(Short text fragments from websites)
┌──

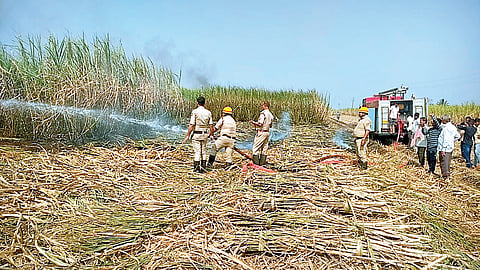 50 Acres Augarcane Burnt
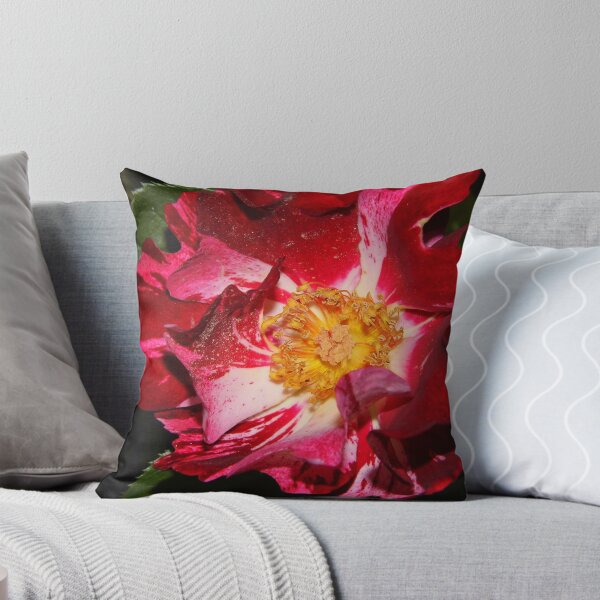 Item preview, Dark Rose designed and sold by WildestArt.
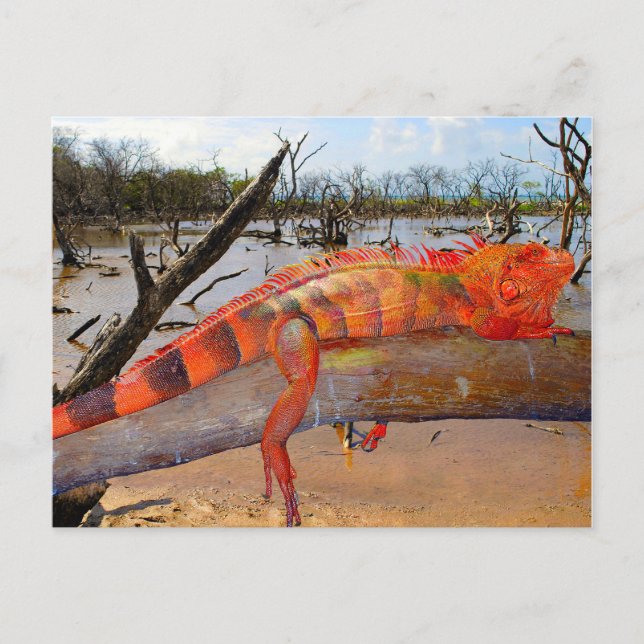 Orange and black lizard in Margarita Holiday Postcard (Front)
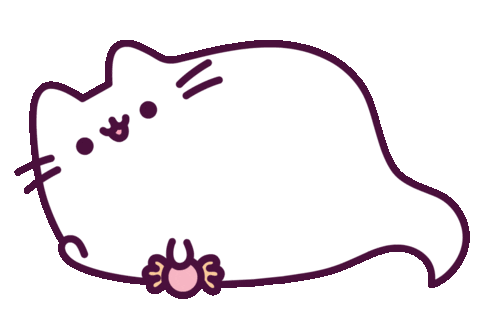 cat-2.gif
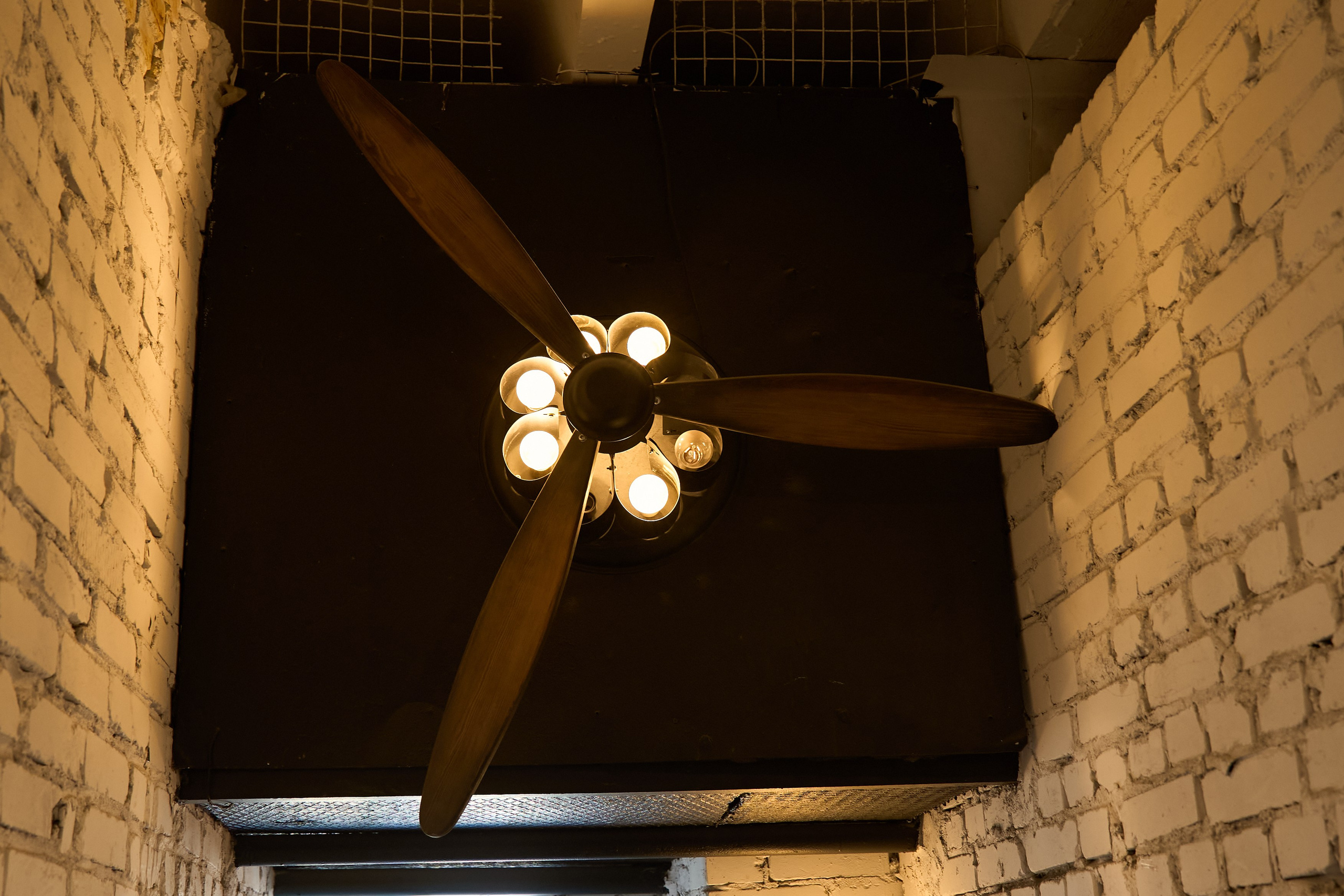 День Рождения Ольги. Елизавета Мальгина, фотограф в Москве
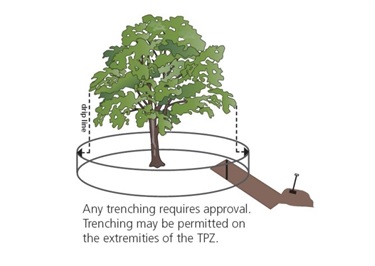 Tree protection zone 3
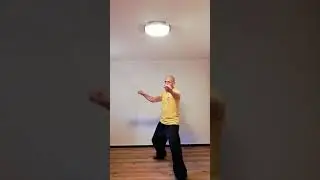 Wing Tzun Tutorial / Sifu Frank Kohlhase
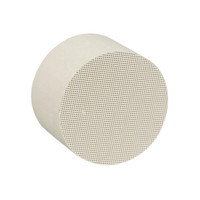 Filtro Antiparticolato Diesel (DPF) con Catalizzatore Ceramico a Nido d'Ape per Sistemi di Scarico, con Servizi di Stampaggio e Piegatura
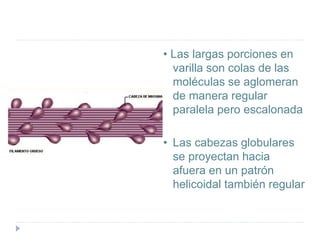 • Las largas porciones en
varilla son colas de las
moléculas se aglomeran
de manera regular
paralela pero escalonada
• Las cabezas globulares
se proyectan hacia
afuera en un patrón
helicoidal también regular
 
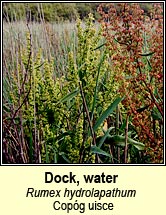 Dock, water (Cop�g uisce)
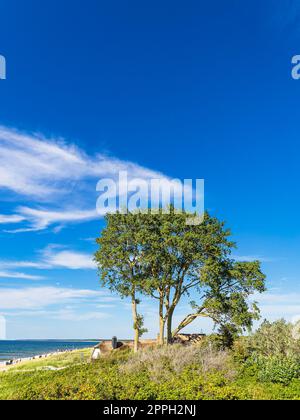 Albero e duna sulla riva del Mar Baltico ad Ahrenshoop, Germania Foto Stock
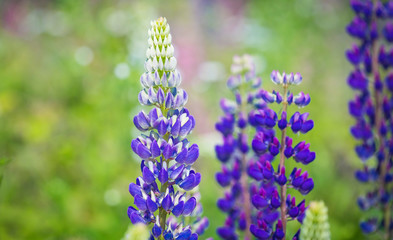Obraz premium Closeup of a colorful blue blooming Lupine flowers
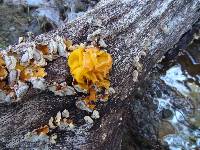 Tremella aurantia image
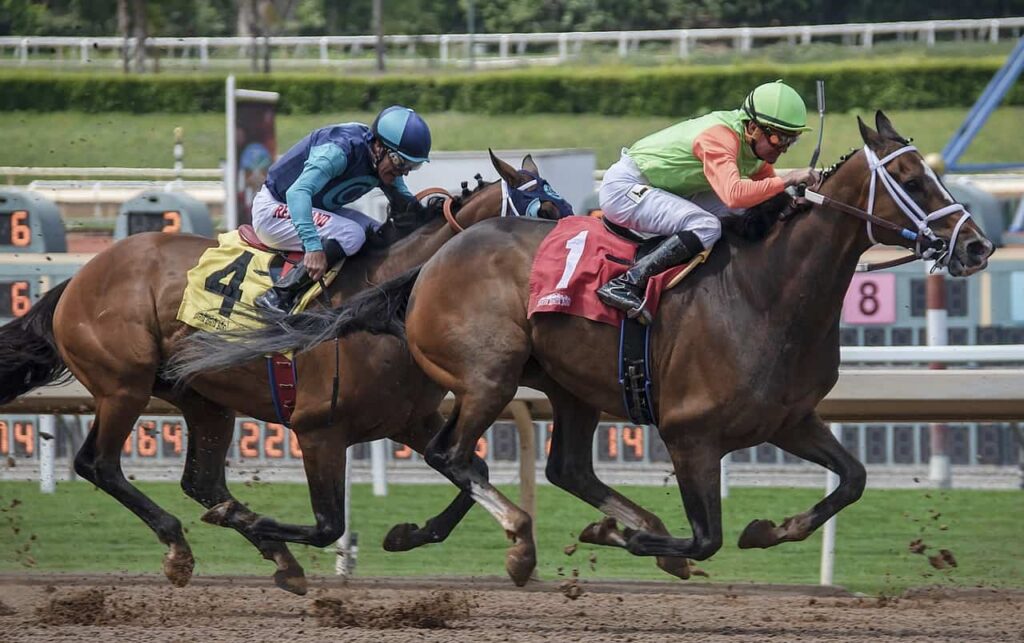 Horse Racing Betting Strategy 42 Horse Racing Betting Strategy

└──

■ PROBLEM REQUIREMENTS: The records above should be reproduced exactly, with no pictures included.

■ RESPONSE TO THIS EXERCISE:
 50 Acres Augarcane Burnt
 Item preview, Dark Rose designed and sold by WildestArt.
 Orange and black lizard in Margarita Holiday Postcard (Front)
 cat-2.gif
 День Рождения Ольги. Елизавета Мальгина, фотограф в Москве
 Tree protection zone 3
 Wing Tzun Tutorial / Sifu Frank Kohlhase
 Filtro Antiparticolato Diesel (DPF) con Catalizzatore Ceramico a Nido d'Ape per Sistemi di Scarico, con Servizi di Stampaggio e Piegatura
 • Las largas porciones en
varilla son colas de las
moléculas se aglomeran
de manera regular
paralela pero escalonada
• Las cabezas globulares
se proyectan hacia
afuera en un patrón
helicoidal también regular
 
 Dock, water (Cop�g uisce)
 Albero e duna sulla riva del Mar Baltico ad Ahrenshoop, Germania Foto Stock
Obraz premium Closeup of a colorful blue blooming Lupine flowers
 Tremella aurantia image
 Horse Racing Betting Strategy 42 Horse Racing Betting Strategy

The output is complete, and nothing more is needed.